→ **Prompt**
What you write must match, character for character, the lines from the one with "Julian Bowen Empress" down to the one with "Mudroom,Gray - 2 of 4" in the listing below, minus its pictures.

→ **Excerpted data**
* * *

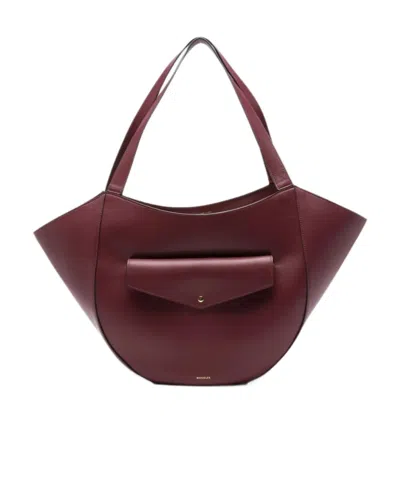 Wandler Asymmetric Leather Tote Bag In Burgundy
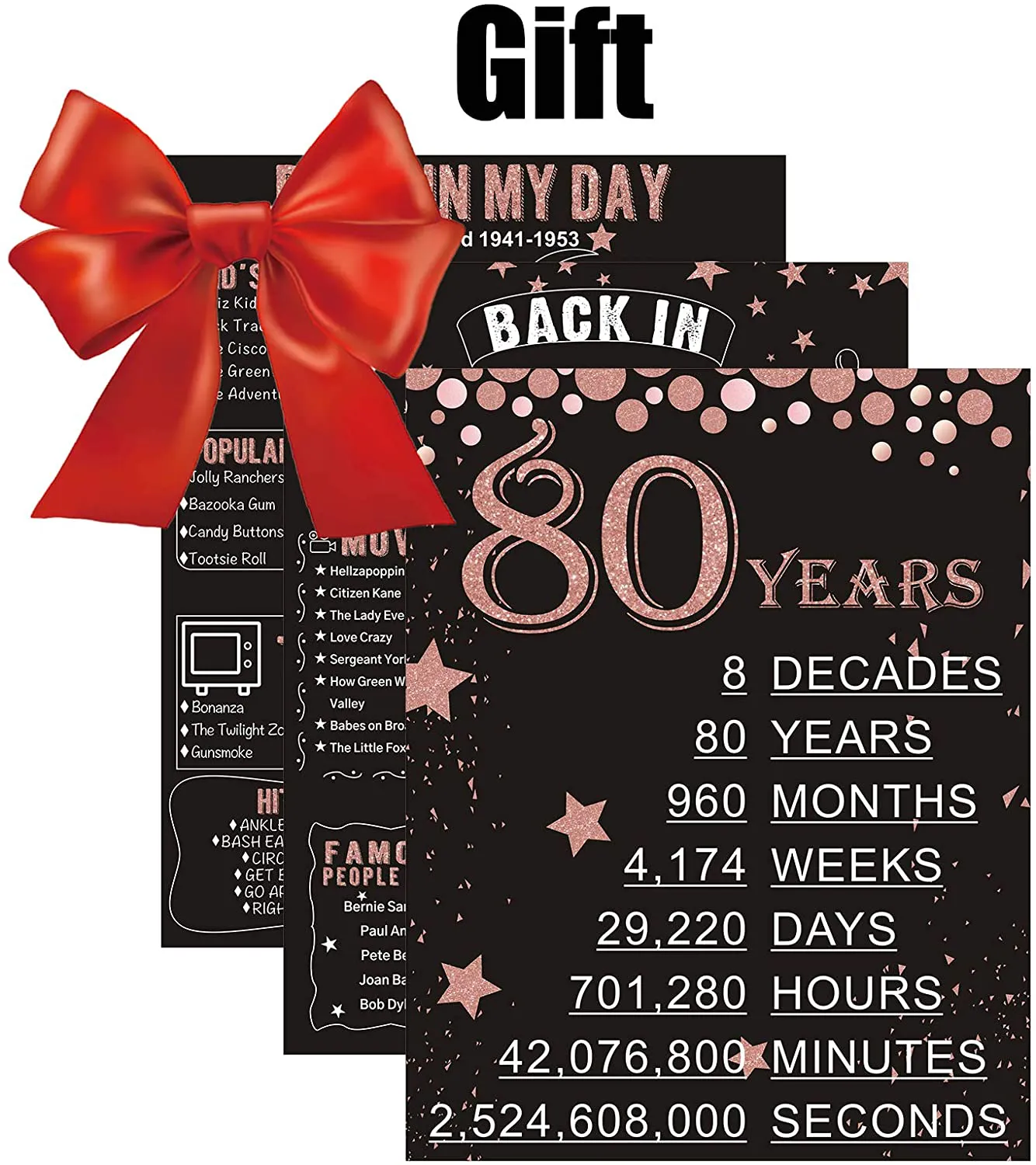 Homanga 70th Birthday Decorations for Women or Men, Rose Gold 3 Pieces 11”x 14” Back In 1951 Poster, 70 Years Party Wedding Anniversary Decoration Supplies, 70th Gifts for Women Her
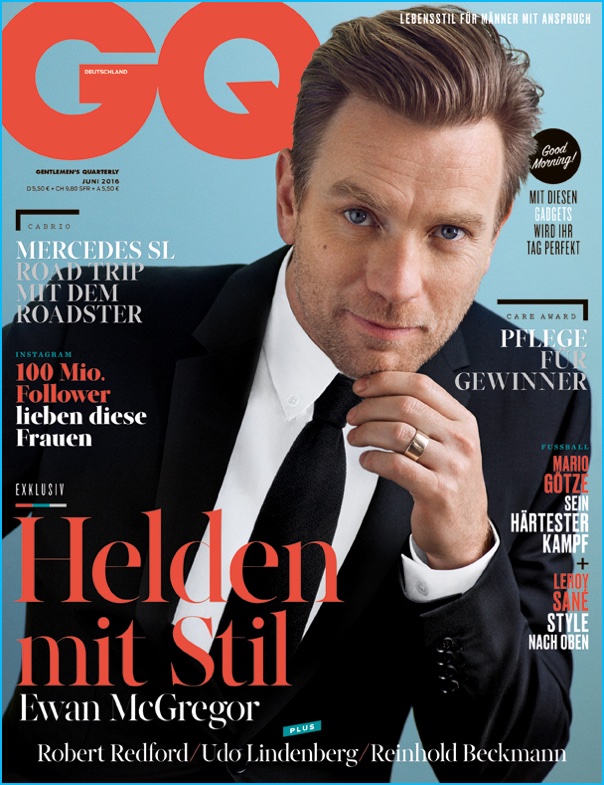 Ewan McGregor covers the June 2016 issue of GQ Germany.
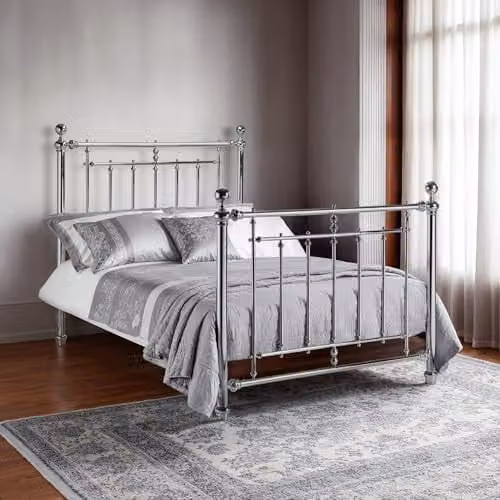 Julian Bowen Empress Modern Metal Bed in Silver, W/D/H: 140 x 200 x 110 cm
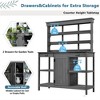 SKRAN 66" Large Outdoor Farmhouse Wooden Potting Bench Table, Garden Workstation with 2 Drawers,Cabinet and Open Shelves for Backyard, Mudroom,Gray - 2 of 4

* * *

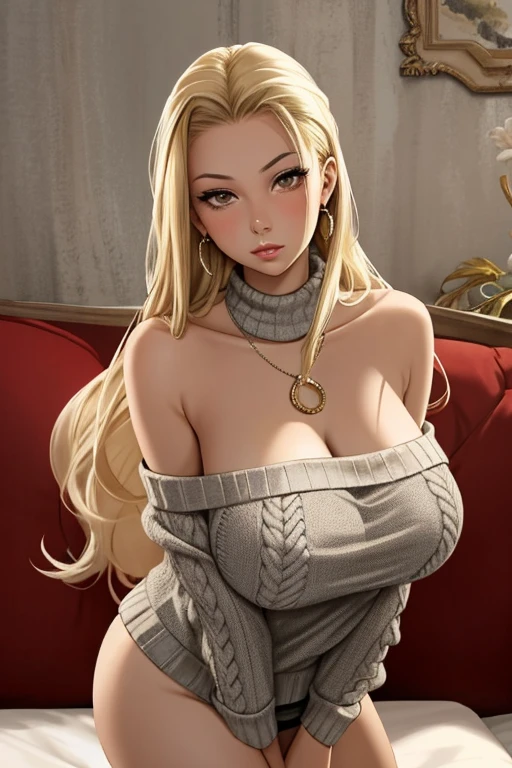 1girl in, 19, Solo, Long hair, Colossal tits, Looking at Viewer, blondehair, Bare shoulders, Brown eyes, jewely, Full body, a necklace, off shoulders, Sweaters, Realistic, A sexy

* * *

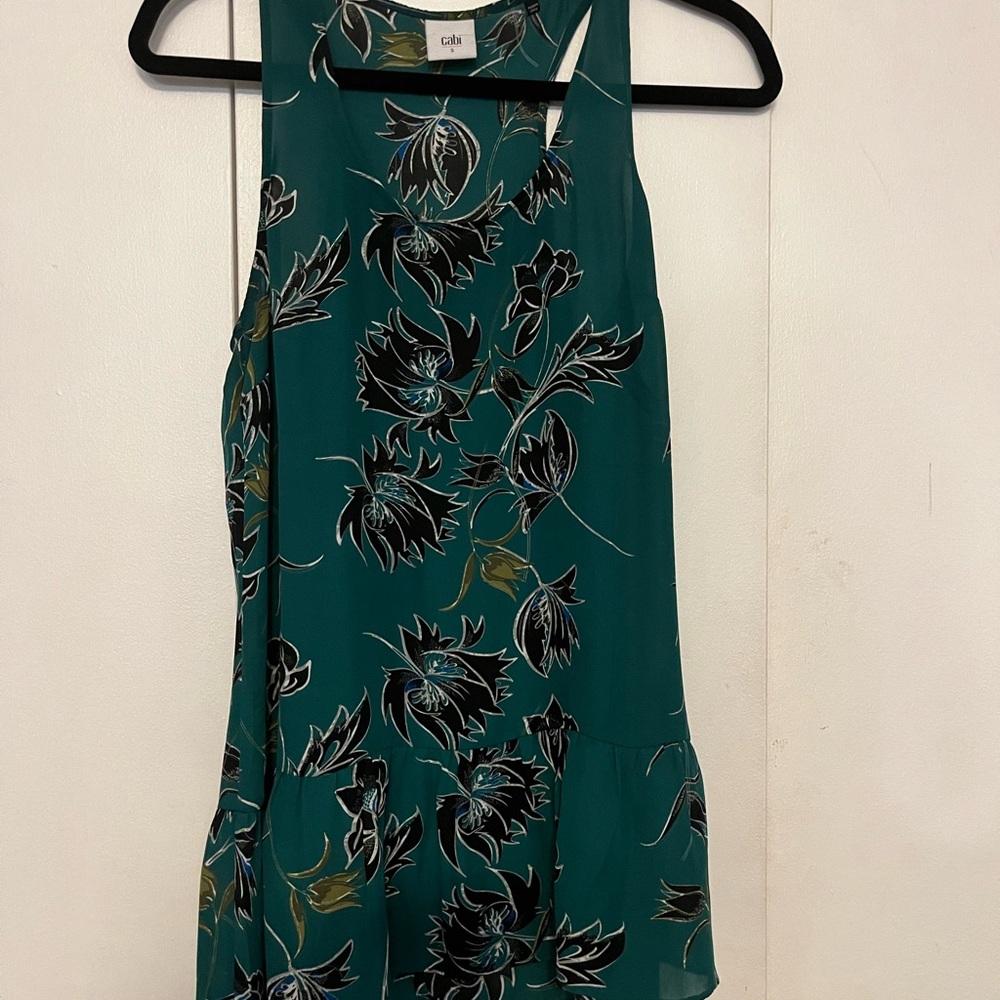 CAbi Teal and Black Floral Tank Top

* * *

→ **Solution to the exercise**
 Julian Bowen Empress Modern Metal Bed in Silver, W/D/H: 140 x 200 x 110 cm
 SKRAN 66" Large Outdoor Farmhouse Wooden Potting Bench Table, Garden Workstation with 2 Drawers,Cabinet and Open Shelves for Backyard, Mudroom,Gray - 2 of 4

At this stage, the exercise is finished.